Con questo sesto volume Silvana De Mari incastra l'ultimo tassello nel gigantesco affresco della sua bellissima saga, inaugurata con L'Ultimo Elfo e passata attraverso L'Ultimo orco, Gli ultimi incantesimi, L'ultima profezia del mondo degli uomini, cui va aggiunto il prequel Io mi chiamo Yorsh.

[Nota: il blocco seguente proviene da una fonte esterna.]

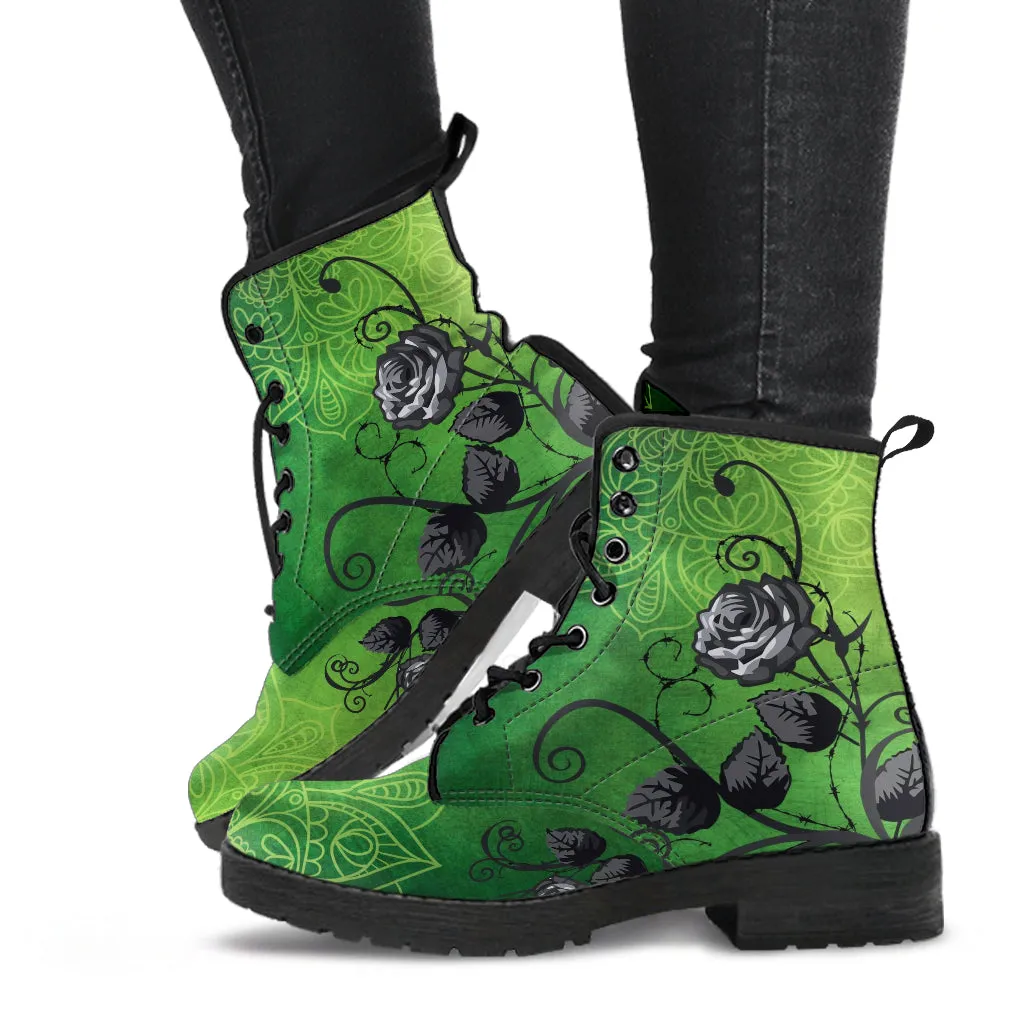 Combat Boots - Gray Roses Green Mandala, Green Boots | Wedding Shoes Women's Boots, Handmade Lace Up Boots, Aesthetic Cute Kawaii 90s Boots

La struttura riecheggia quella dell'Ultimo orco: anche qui i destini dei popoli vengono rimessi nelle mani di un 'bastardo', inteso nell'accezione di mezzosangue: così come questo archetipo rappresenta, internamente, l'unificazione di stirpi profondamente differenti, diventa anche simbolo vivente dell'unificazione che andrà a compiere nel mondo esterno. Dunque così come, mezzo millennio prima, concludere il gigantesco compito evolutivo iniziato dall'Elfo Yorsh e sostenuto da sua moglie Rosalba era toccato a Rankstrail, figlio di un Orco e un'Umana, ora il testimone passerà a Ranail, figlio di uno Yurdione e un'Umana con tracce di sangue elfico nelle vene. Ma mentre il primo è il prodotto di uno stupro, il secondo è frutto di un'unione voluta, a testimonianza della vastità del cammino percorso fra i due eventi.
Ed è un peccato che Fanucci abbia optato per un titolo che ricalca in parte il volume cronologicamente precedente, quando il working title proposto dalla scrittrice - L'ultimo giro della spirale - avrebbe espresso tutto il concetto in maniera assolutamente perfetta.